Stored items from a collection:
------------
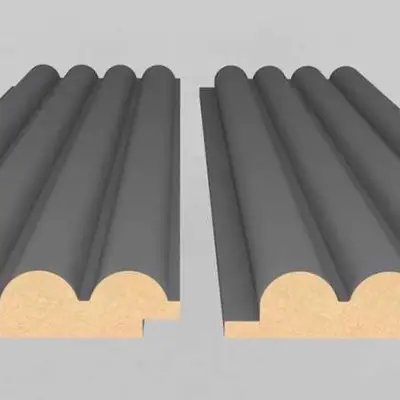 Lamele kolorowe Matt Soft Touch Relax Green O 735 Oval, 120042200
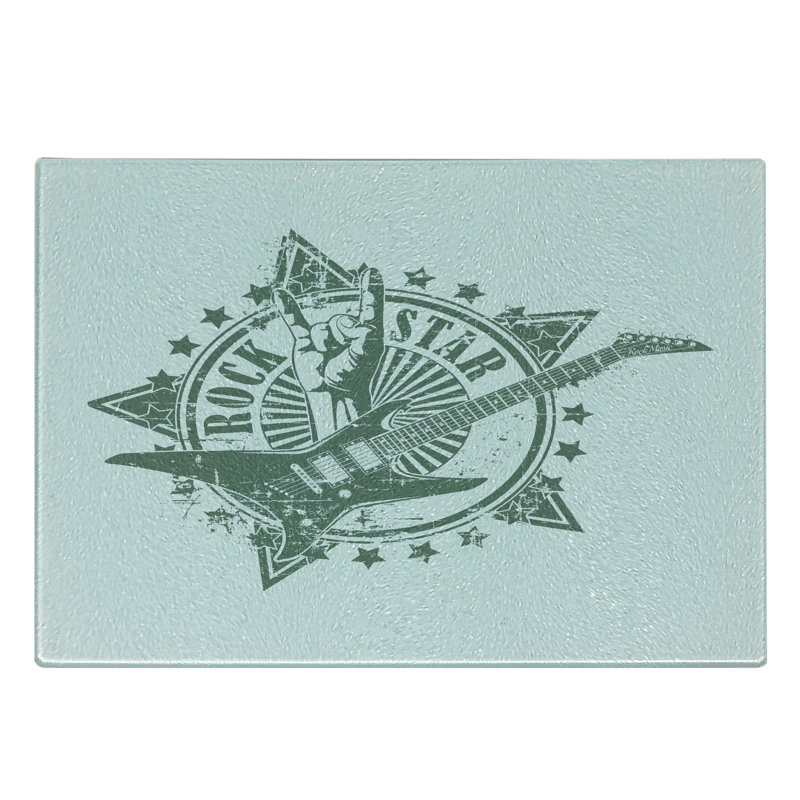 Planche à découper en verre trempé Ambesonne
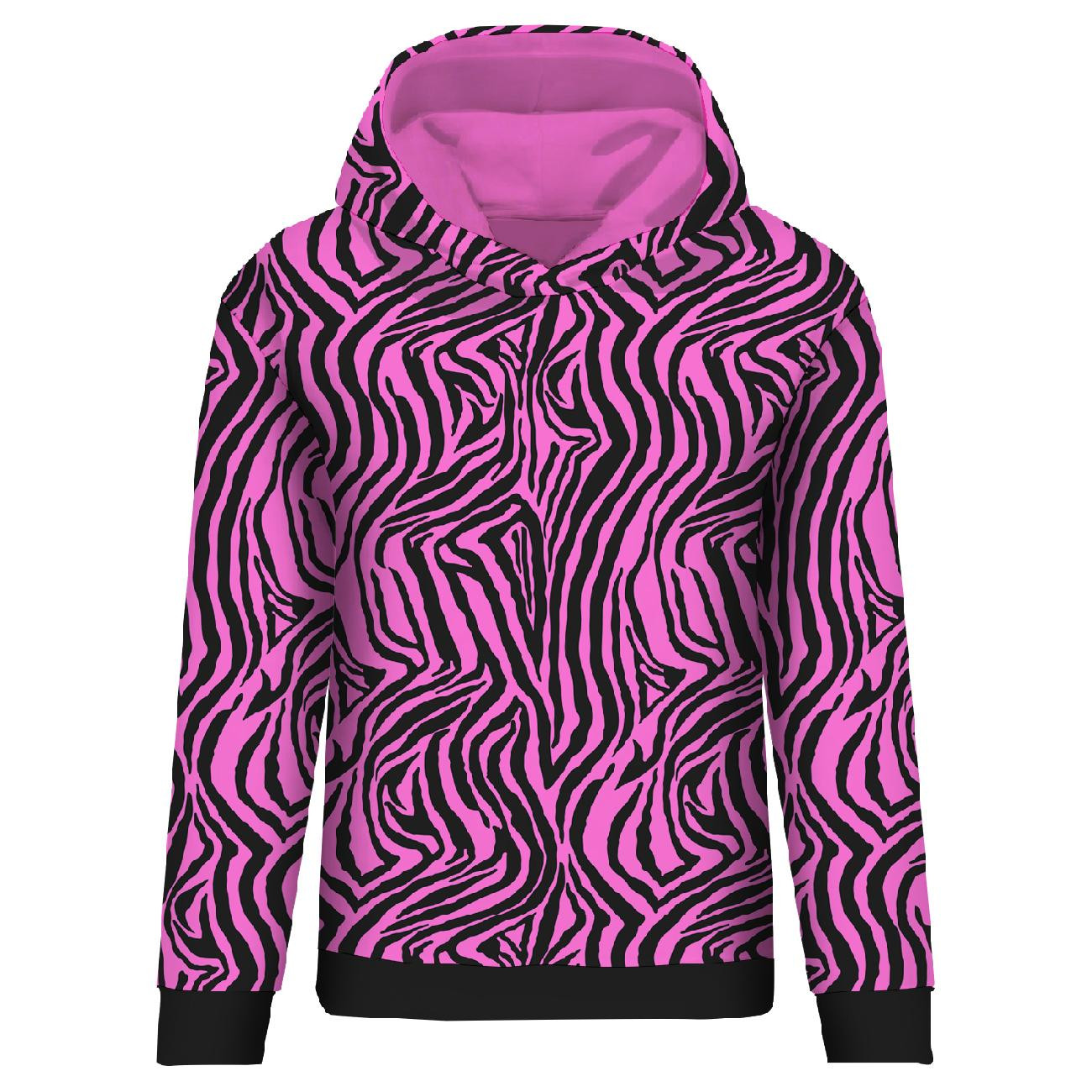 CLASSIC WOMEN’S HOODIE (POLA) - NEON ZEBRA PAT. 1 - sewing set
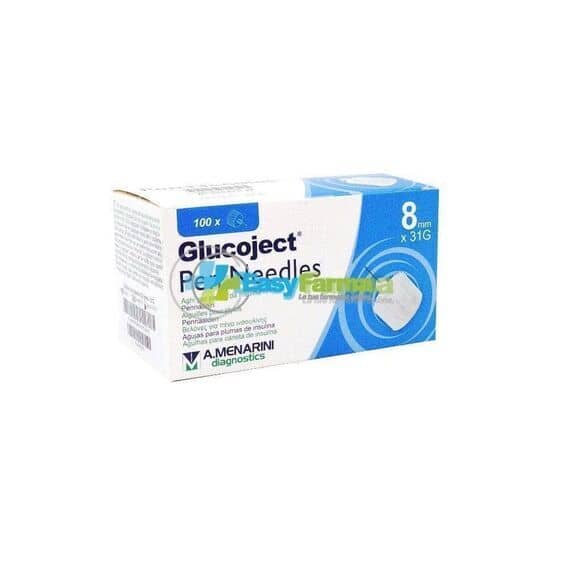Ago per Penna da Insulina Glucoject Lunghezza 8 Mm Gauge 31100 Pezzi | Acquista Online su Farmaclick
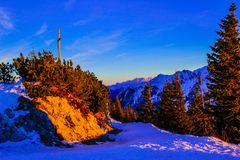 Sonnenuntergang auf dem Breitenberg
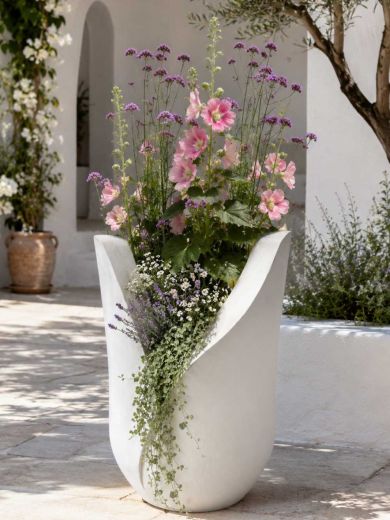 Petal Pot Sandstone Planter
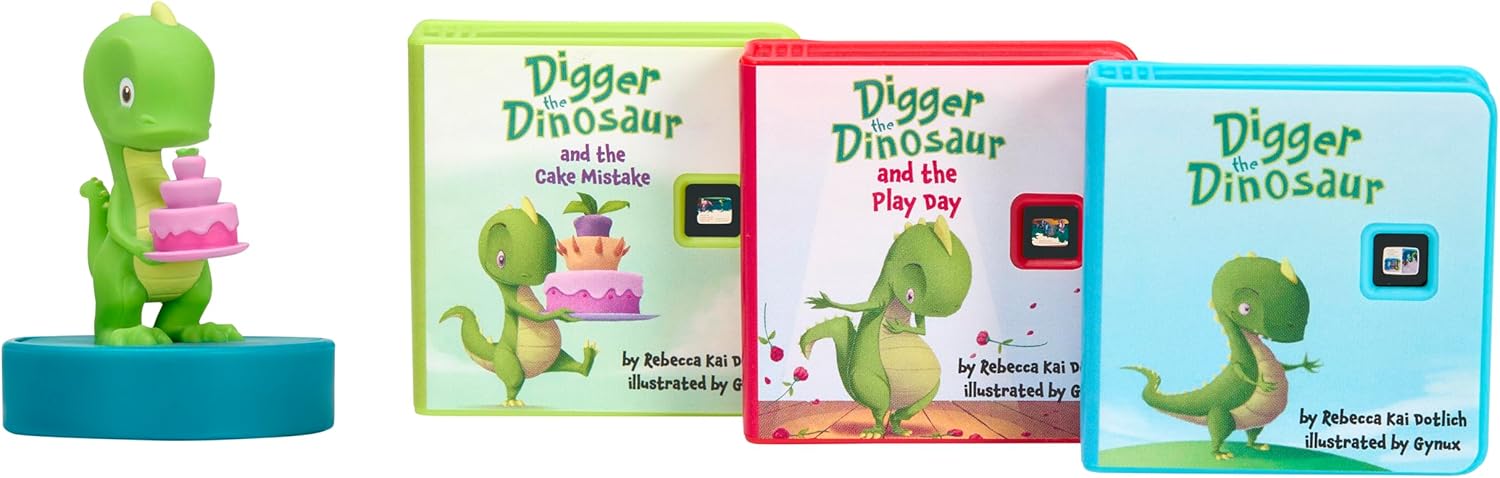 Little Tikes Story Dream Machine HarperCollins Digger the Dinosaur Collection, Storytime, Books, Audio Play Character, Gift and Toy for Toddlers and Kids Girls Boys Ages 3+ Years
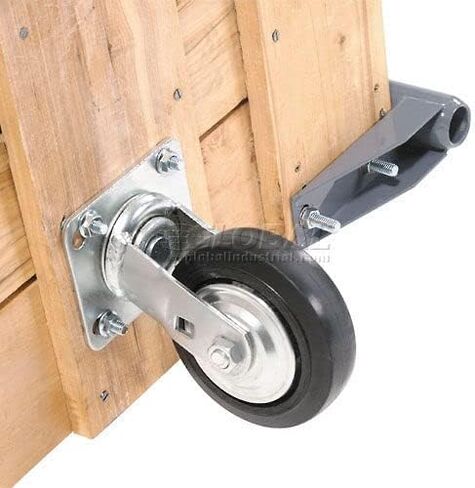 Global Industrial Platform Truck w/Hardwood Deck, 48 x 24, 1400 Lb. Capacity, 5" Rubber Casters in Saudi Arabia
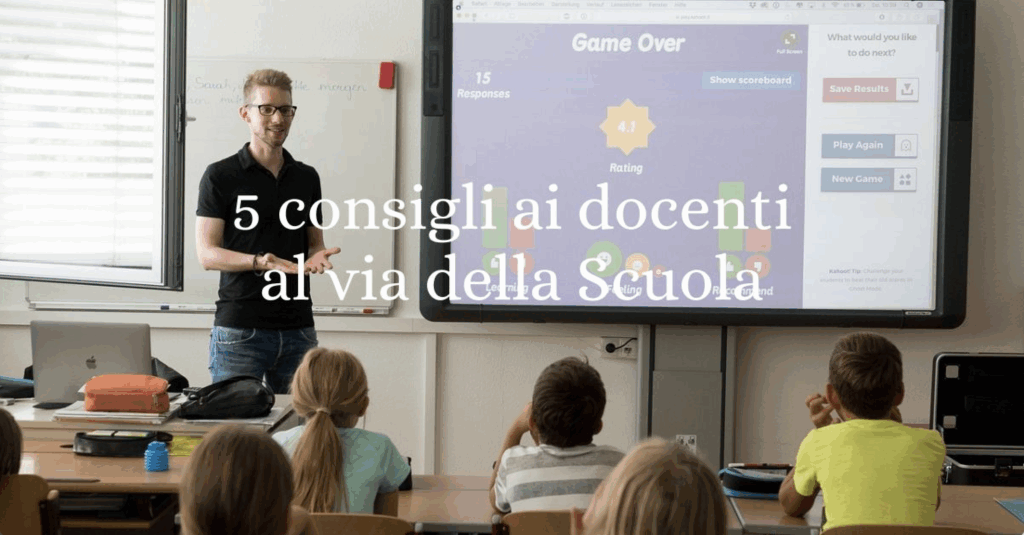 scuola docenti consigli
------------
Within the entries above, give again exactly the lines starting at the one that contains "Ago per Penna" and ending at the one that contains "Global Industrial Platform", leaving out the pictures.

-- RESPONSE TO THE EXERCISE --
Ago per Penna da Insulina Glucoject Lunghezza 8 Mm Gauge 31100 Pezzi | Acquista Online su Farmaclick
 Sonnenuntergang auf dem Breitenberg
 Petal Pot Sandstone Planter
 Little Tikes Story Dream Machine HarperCollins Digger the Dinosaur Collection, Storytime, Books, Audio Play Character, Gift and Toy for Toddlers and Kids Girls Boys Ages 3+ Years
 Global Industrial Platform Truck w/Hardwood Deck, 48 x 24, 1400 Lb. Capacity, 5" Rubber Casters in Saudi Arabia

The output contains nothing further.